Поэзия

Московские поэты о времени, речи и насилии

14 февраля 2018 в 11:52
Московские поэты не уступают питерским ни в таланте, ни в дерзости, ни в остром чувстве текущего момента. «Афиша Daily» поговорила с тремя представителями московского литературного сообщества о том, как насилие, травмы и время влияют на формирование поэтической речи.

«Травматический опыт не меняет речь, он ее уничтожает»

Оксана Васякина

Поэт, управляющая книжным магазином «Порядок слов» в «Электротеатре Станиславский»

«Я родилась в рабочей семье в маленьком таежном городе. Моя мать двадцать пять лет проработала на заводе, отец был водителем. Последние пятнадцать лет своей жизни он работал дальнобойщиком — это очень похоже на миф, но это правда. В девяностые отец был замешан в каких-то криминальных делах, был таксистом, — наверное, продавал водку и наркотики. У меня сохранилось несколько фотографий, где вся его братва стоит на могиле застреленного друга. Его друзья постоянно умирали, а в нашу квартиру постоянно приходили «мусора», так он называл милиционеров. Мать была первой на деревне женщиной, я помню, что начальник милиции пытался за ней приударить. Так и жили.

Думаю, на мое формирование как поэтессы в большей степени повлияли не родители, а подруги мамы по студенчеству.

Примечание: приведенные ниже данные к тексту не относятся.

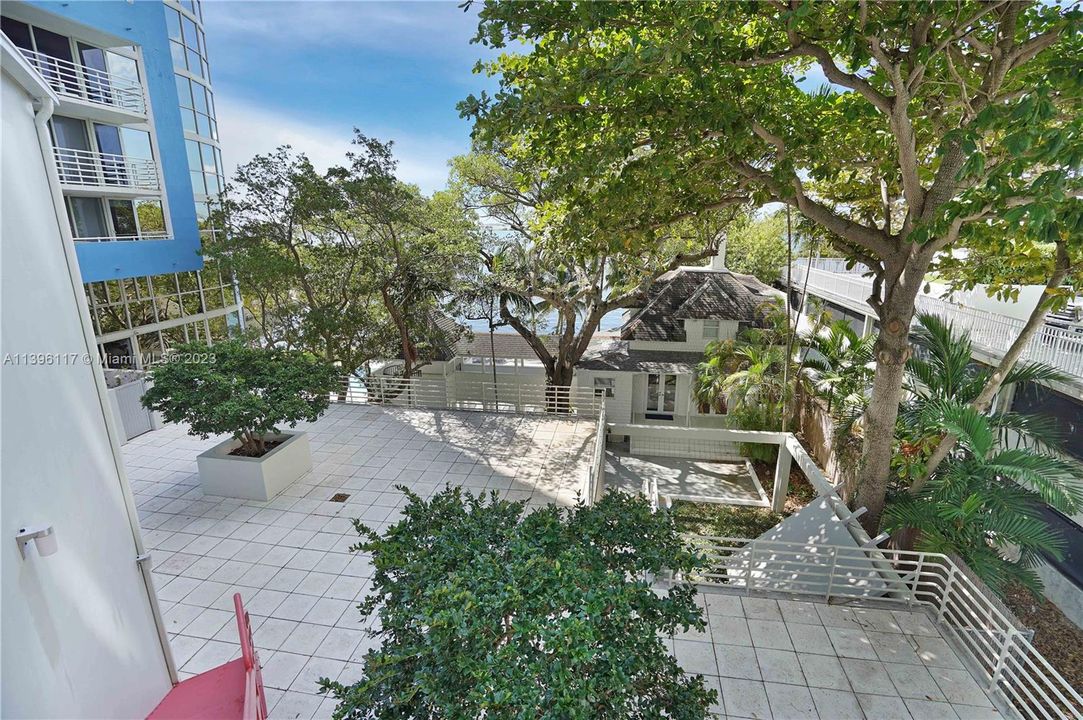 Tiffany's House structure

После первого класса мама отправила меня на все лето к Жеке и Ире. Жека была и остается детской тренершей по парусному спорту, Ира занималась графическим дизайном и крафтом. Именно они показали мне, что можно заниматься творчеством. Они дарили мне книги, говорили со мной, как со взрослой, и всегда бережно относились ко мне и к моим чувствам. Семь лет подряд каждые каникулы я уезжала в Иркутск к Жеке и Ире, это было место отдыха от домашнего ада.

Лет в четырнадцать я написала свой первый поэтический текст. Это было не стихотворение, а текст рэп-песни с глубоко философским смыслом — о том, что время делает с людьми. Потом я пошла к соседу, у которого был компьютер, и в программке eJay 4 написала музыку для этого текста. Песню я так и не исполнила. Моя тусовка, как и все субкультурные подростковые тусовки, была сильно иерархизирована, и на девочек никто не смотрел как на способных писать и делать музыку — там, как водится, были свои звезды-пацаны, которым все поклонялись. Такая расстановка надолго отбила у меня желание писать стихи, потому что когда тебе четырнадцать и на тебя никто не смотрит, то и смысла нет ни в чем.

К тому же, дома творился кошмар: мать с отцом уже развелись, и у матери появился любовник-нахлебник, который был сильно моложе. Он часто бил ее, водил в наш дом стремных людей, которые смотрели на меня липкими глазами и лапали в любой удобный момент. Мне было не до творчества. Мне хотелось выжить в этом аду, чем я и занималась.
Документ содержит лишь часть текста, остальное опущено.